Your answer must match the records word for word and contain no pictures.

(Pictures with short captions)
^^^^
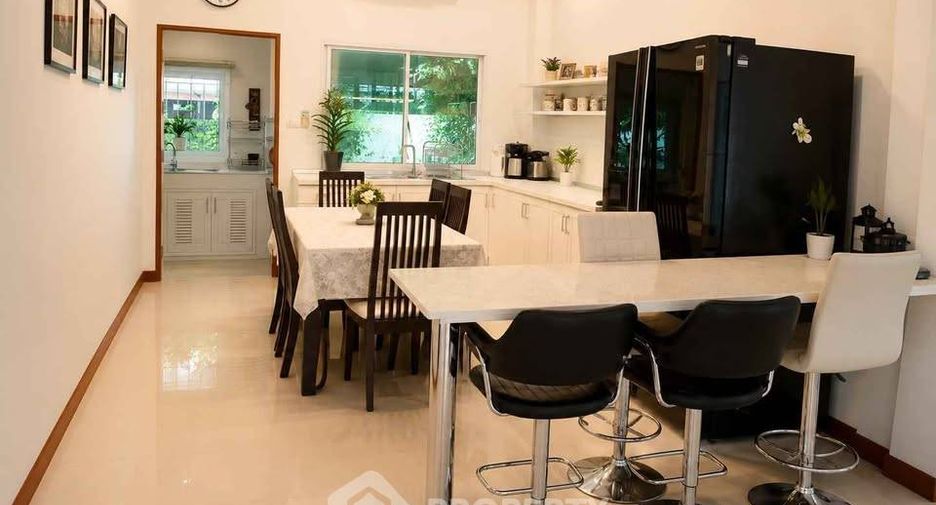 Casa en alquiler y en venta de 3 habitaciones en Huay Yai, Pattaya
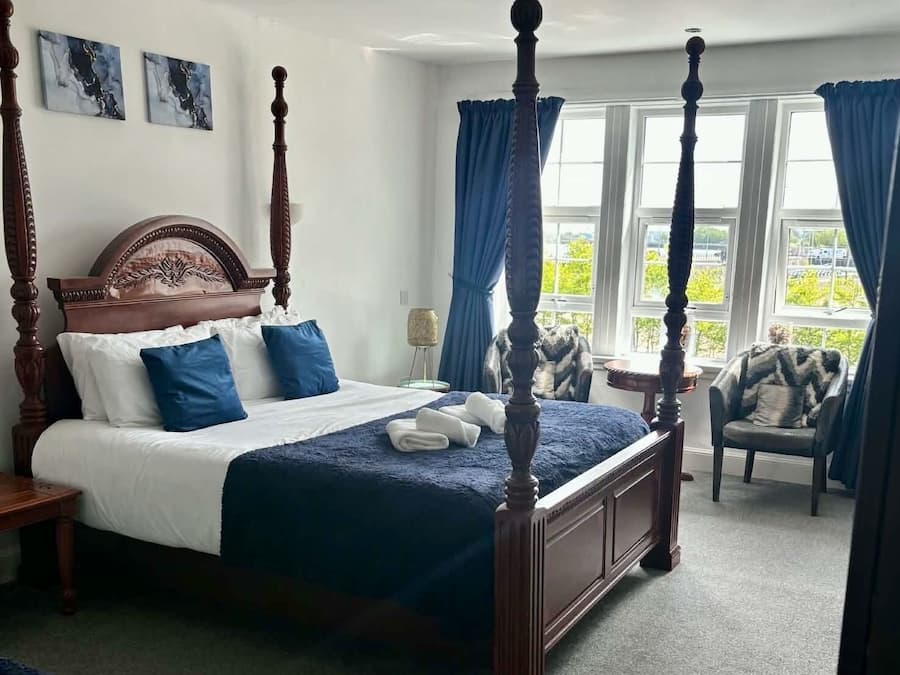 Familien-Zweibettzimmer, Stadtblick | Schreibtisch, Verdunkelungsvorhänge, Bügeleisen/Bügelbrett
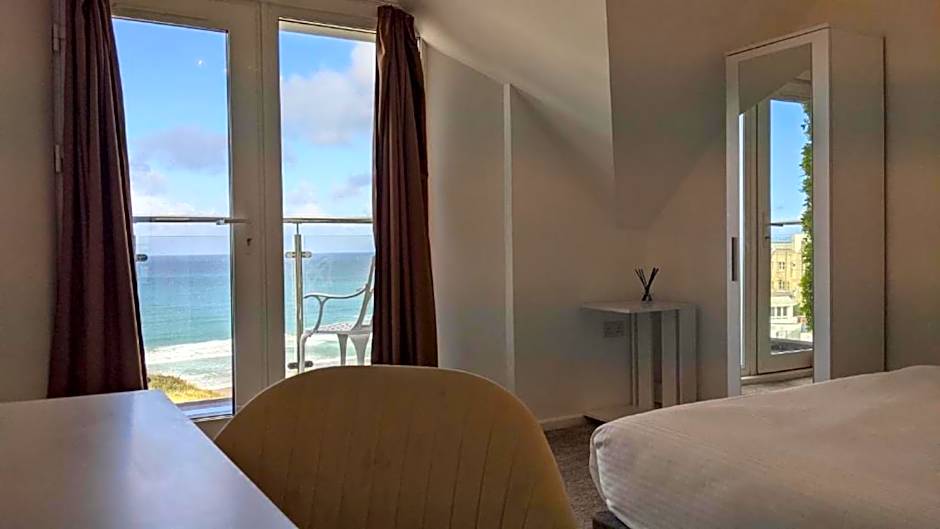 Newquay Beach Hotel by Sunday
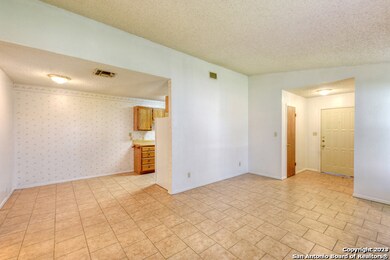 818 Lois St unit B, Kerrville, TX 78028 - photo 4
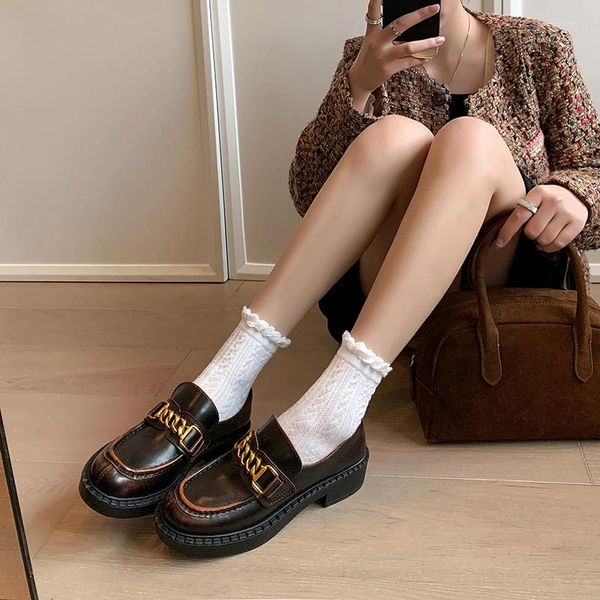 Kleiderschuhe klobige Ladung Frauen echte Kuhleder -Plattform Runde Zehen Metallkette Slip auf Damen Flats handgefertigt
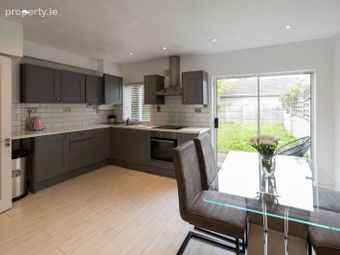 12 Woodford Parade, Dublin 22, Clondalkin, Dublin 22 - Image 4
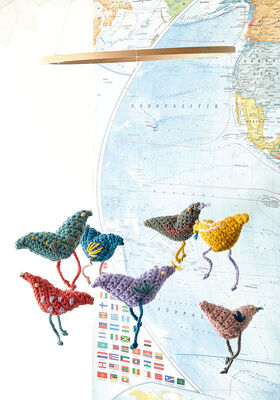 MOBILE MET GEHAAKTE VOGELTJES Cool Wool Big van Lana Grossa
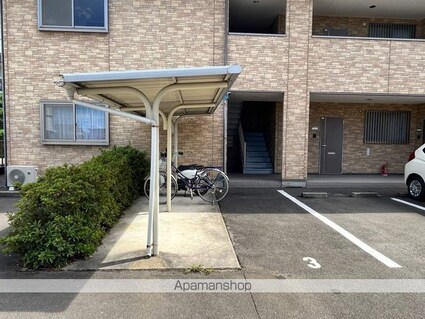 ロイヤルハウス西泉壱番館[2LDK/53.02m2]の共用部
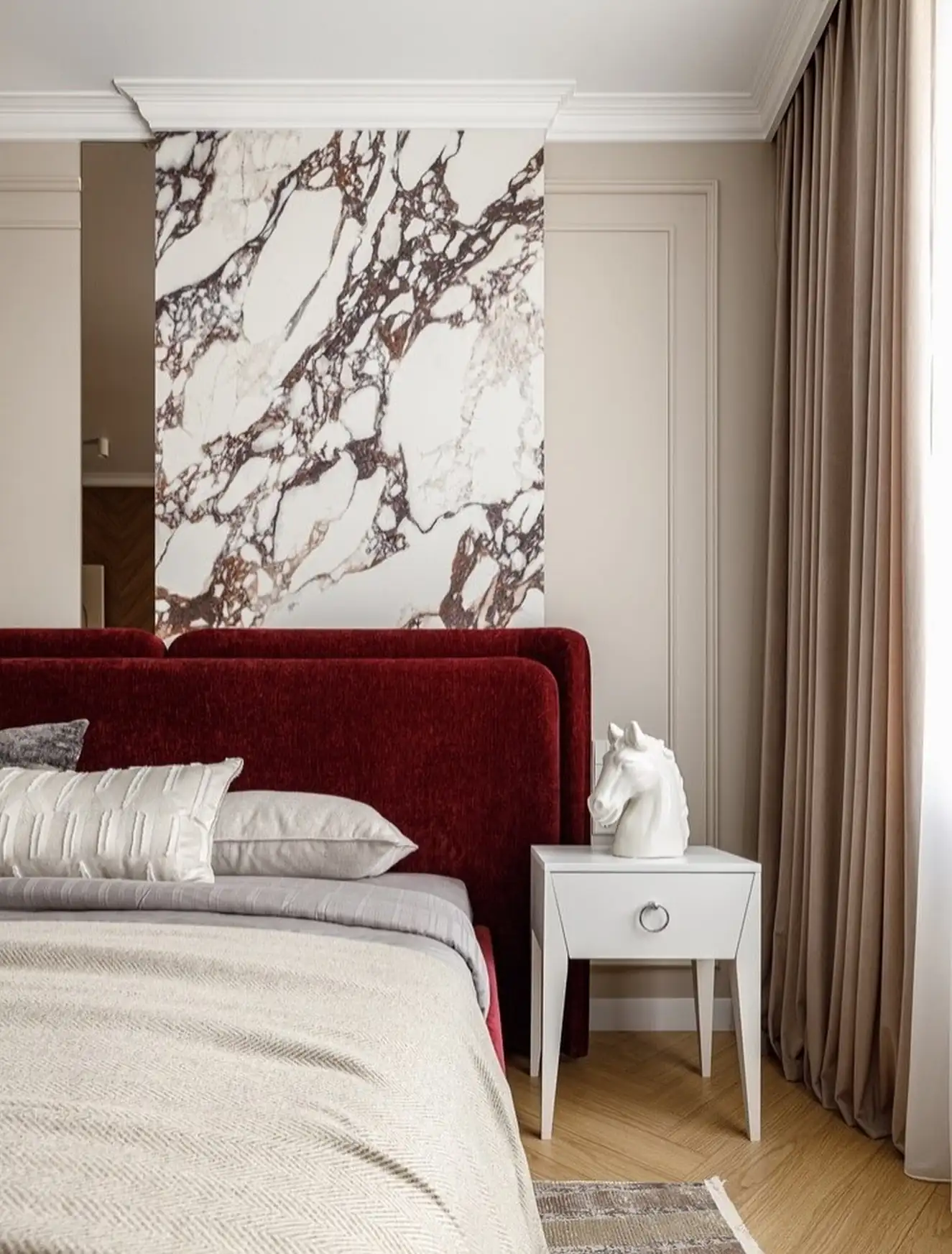 chambre tons bordeaux avec papier-peint marbre petit appartement de 40m2 chambre tons bordeaux avec papier-peint marbre petit appartement de 40m2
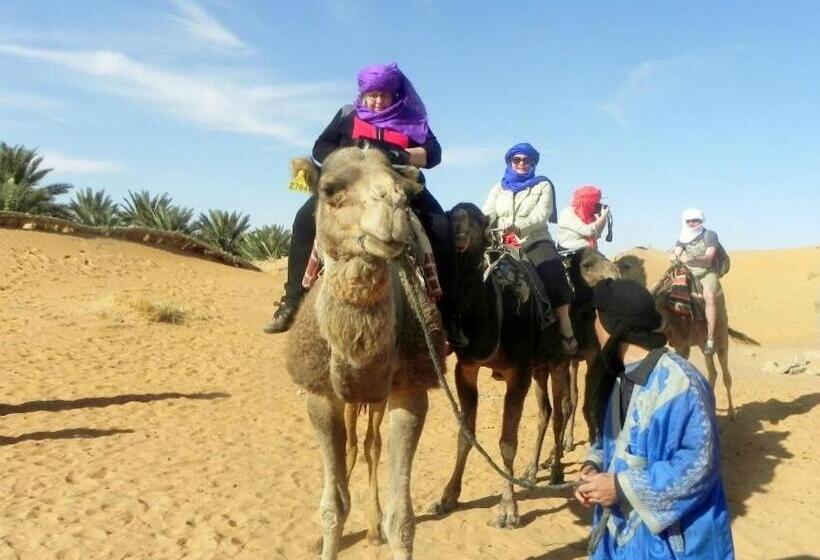 پانسیون Auberge Sahara Garden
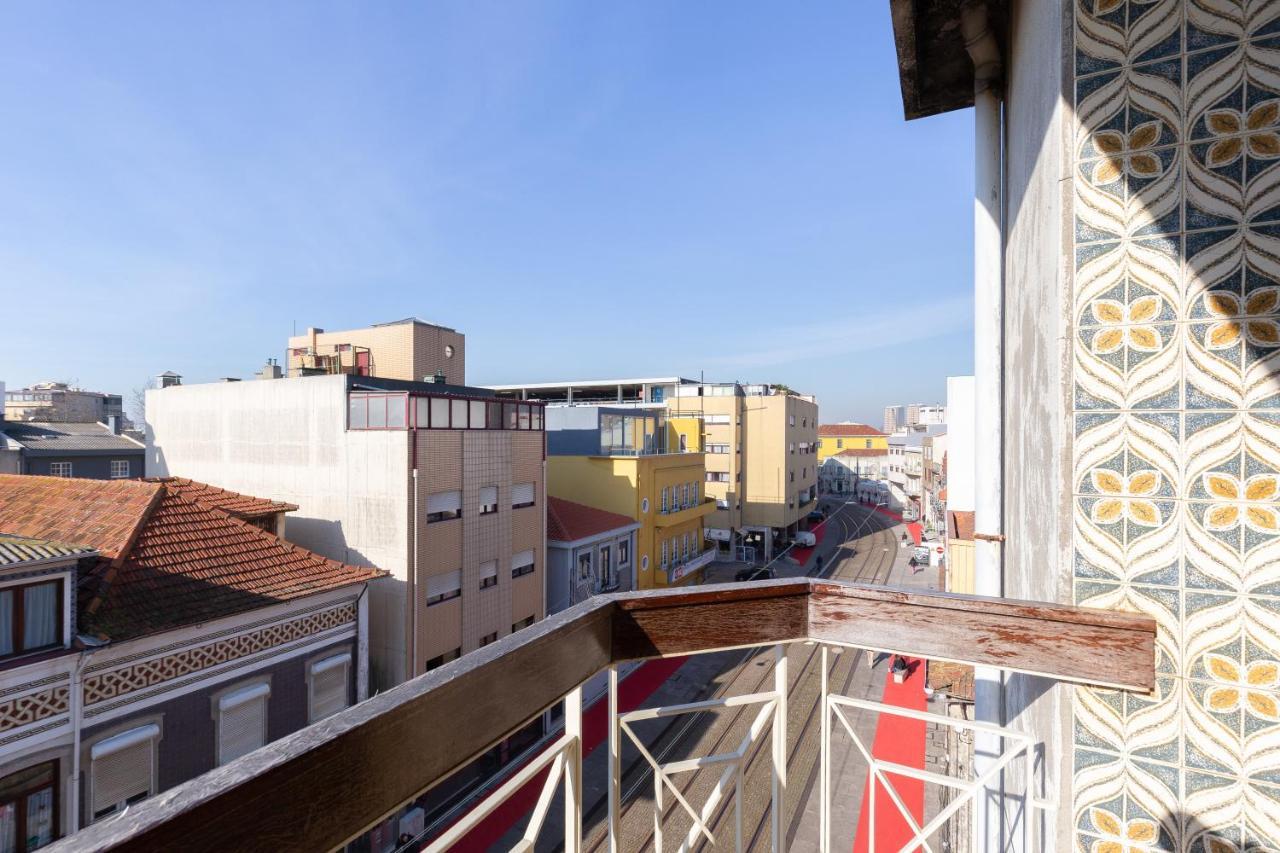 Host Wise - Trendy Bright Flats With Jacuzzi - 5 Min Beach Matosinhos  Luaran gambar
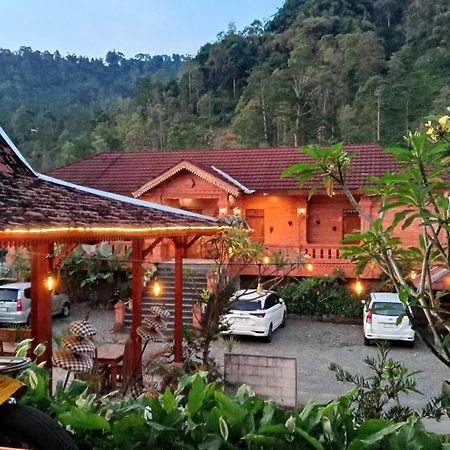 Villa Pringgitan Tawangmangu Bagian luar foto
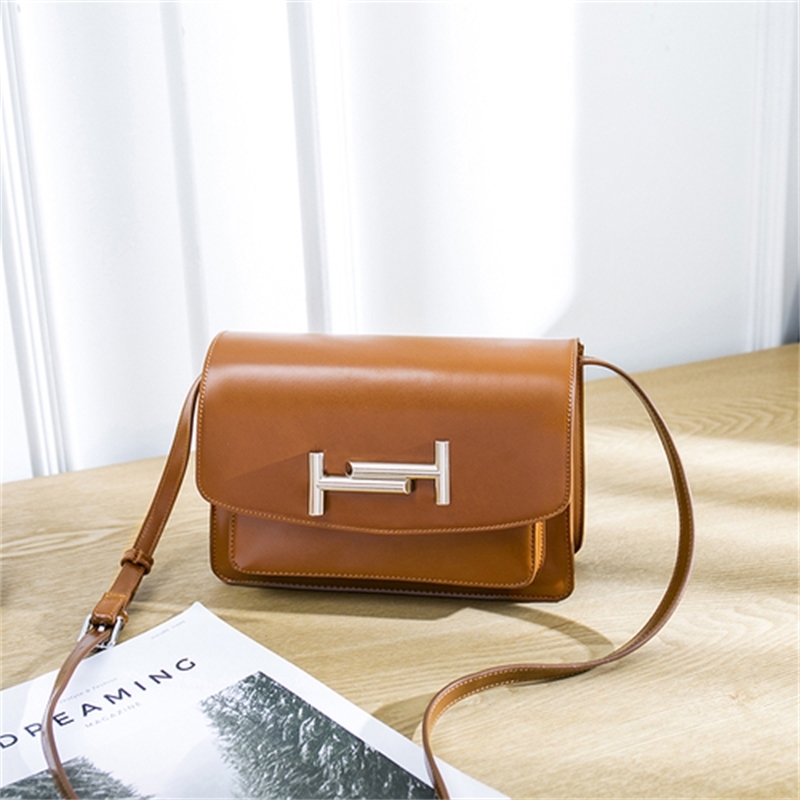 High quality women bag aleta 2020 new shoulder messenger ladies fashion bags famous designer purse J4UR, Brown.
High quality women bag aleta 2020 new shoulder messenger ladies fashion bags famous designer purse J4UR, Brown.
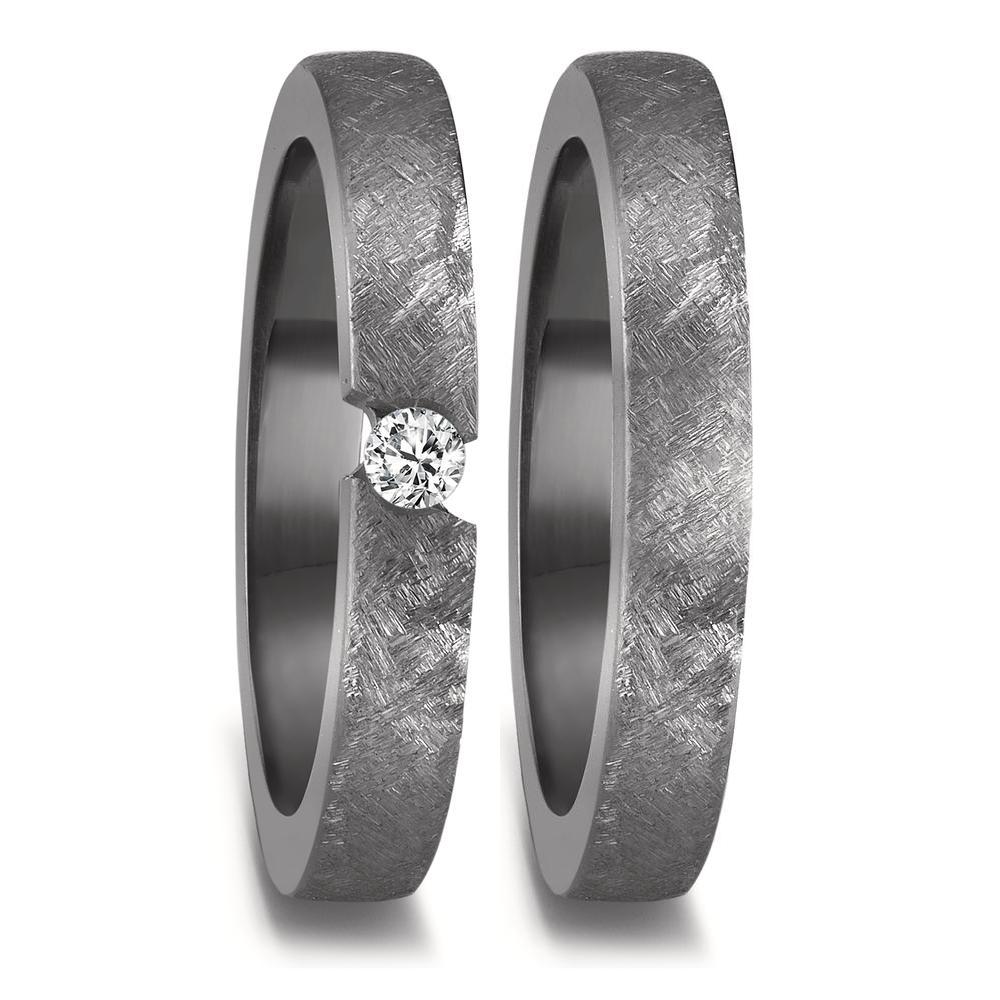 Partnerring Eleganter Damen Partnerring aus robustem Tantal mit markanter, gebürsteter Oberfläche. Mittig eingefasst ein funkelnder Diamant, der dem hochwertigen Schmuckstück zeitlose Eleganz und besondere Ausdruckskraft verleiht. Perfekt für stilbewusste Frauen. 52673/023/005/X000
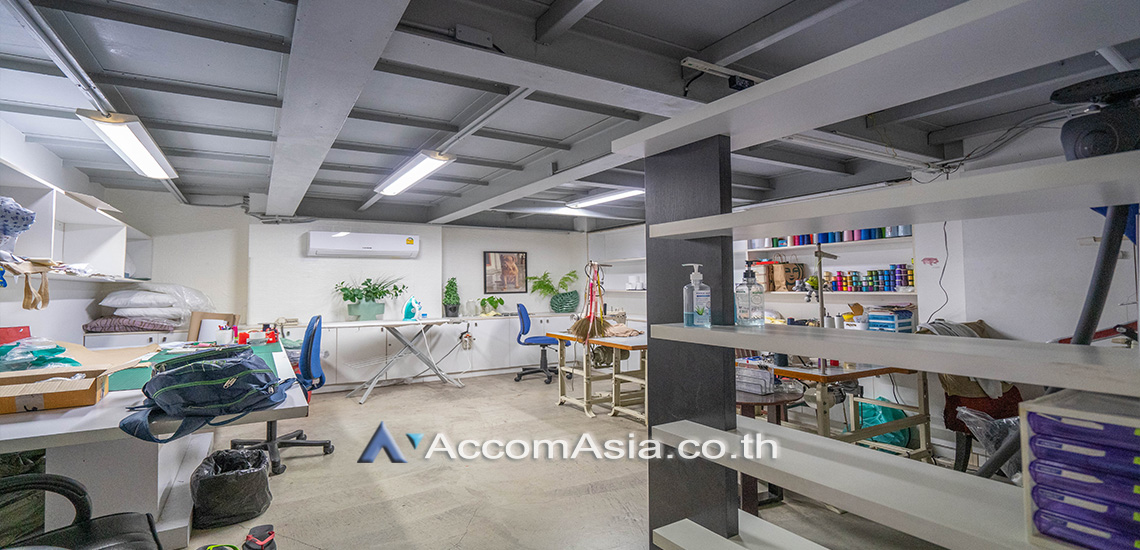 10  Condominium For Sale in Sukhumvit ,Bangkok BTS Thong Lo at Moon Tower AA30532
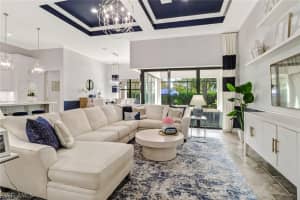 16221 Camden Lakes Cir, Naples, FL 34110, Sold 05/25/22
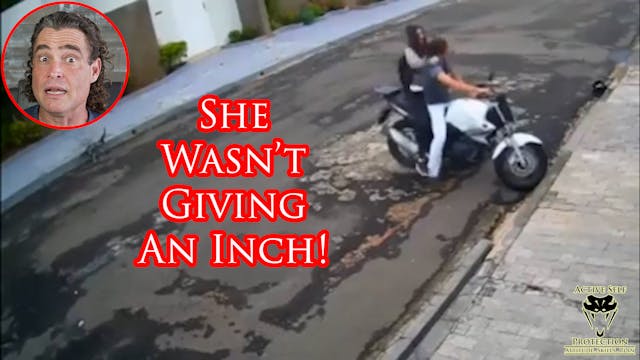 Female Defender Eats Moto Jacker's Lu...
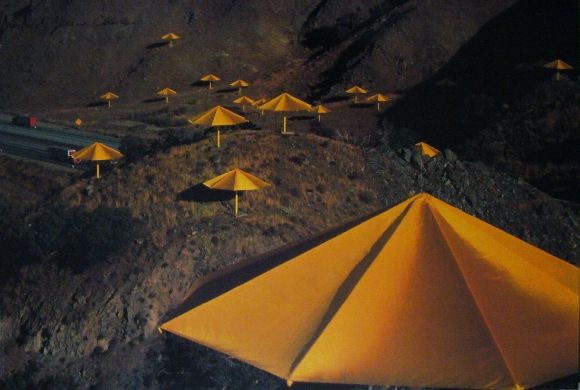 CHRISTO 克里斯托。

摄影海报，The Umbrellas，加利福尼亚遗址，1991年

以毡笔签名的艺术家

300份

作品尺寸 95 cm x 6&hellip;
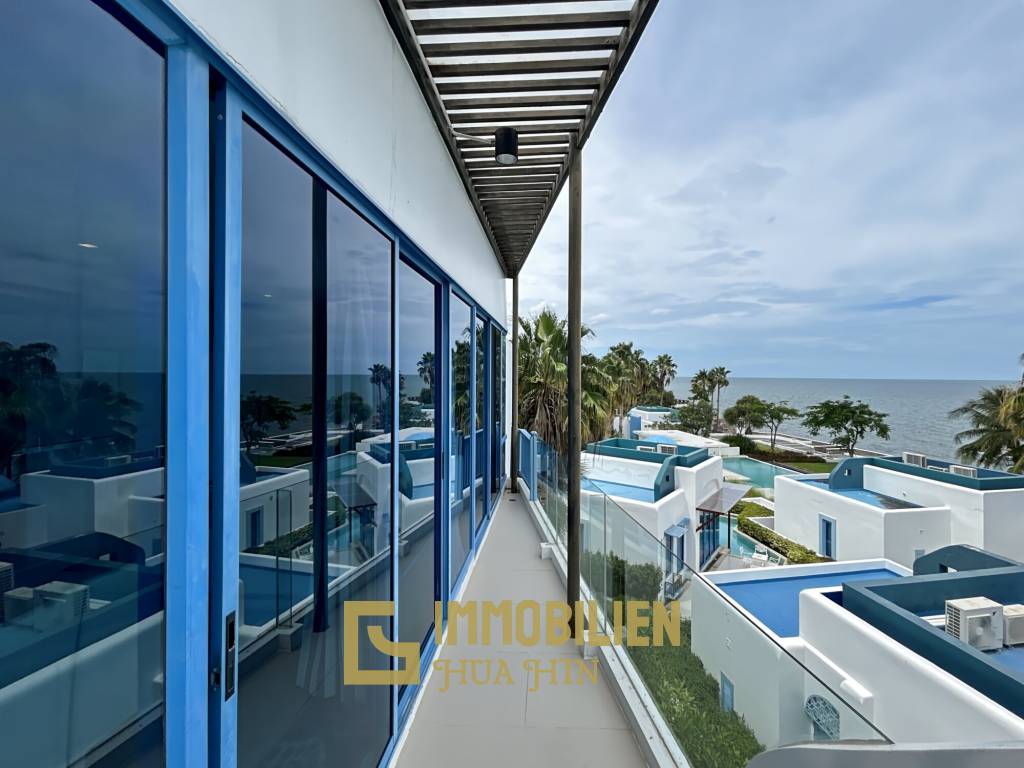 The Crest Santora : 3 Bed 3 Bath Condo With Sea View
^^^^
Your response:
 Casa en alquiler y en venta de 3 habitaciones en Huay Yai, Pattaya
 Familien-Zweibettzimmer, Stadtblick | Schreibtisch, Verdunkelungsvorhänge, Bügeleisen/Bügelbrett
 Newquay Beach Hotel by Sunday
 818 Lois St unit B, Kerrville, TX 78028 - photo 4
 Kleiderschuhe klobige Ladung Frauen echte Kuhleder -Plattform Runde Zehen Metallkette Slip auf Damen Flats handgefertigt
 12 Woodford Parade, Dublin 22, Clondalkin, Dublin 22 - Image 4
 MOBILE MET GEHAAKTE VOGELTJES Cool Wool Big van Lana Grossa
 ロイヤルハウス西泉壱番館[2LDK/53.02m2]の共用部
 chambre tons bordeaux avec papier-peint marbre petit appartement de 40m2 chambre tons bordeaux avec papier-peint marbre petit appartement de 40m2
 پانسیون Auberge Sahara Garden
 Host Wise - Trendy Bright Flats With Jacuzzi - 5 Min Beach Matosinhos  Luaran gambar
 Villa Pringgitan Tawangmangu Bagian luar foto
 High quality women bag aleta 2020 new shoulder messenger ladies fashion bags famous designer purse J4UR, Brown.
High quality women bag aleta 2020 new shoulder messenger ladies fashion bags famous designer purse J4UR, Brown.
 Partnerring Eleganter Damen Partnerring aus robustem Tantal mit markanter, gebürsteter Oberfläche. Mittig eingefasst ein funkelnder Diamant, der dem hochwertigen Schmuckstück zeitlose Eleganz und besondere Ausdruckskraft verleiht. Perfekt für stilbewusste Frauen. 52673/023/005/X000
 10  Condominium For Sale in Sukhumvit ,Bangkok BTS Thong Lo at Moon Tower AA30532
 16221 Camden Lakes Cir, Naples, FL 34110, Sold 05/25/22
 Female Defender Eats Moto Jacker's Lu...
 CHRISTO 克里斯托。

摄影海报，The Umbrellas，加利福尼亚遗址，1991年

以毡笔签名的艺术家

300份

作品尺寸 95 cm x 6&hellip;
 The Crest Santora : 3 Bed 3 Bath Condo With Sea View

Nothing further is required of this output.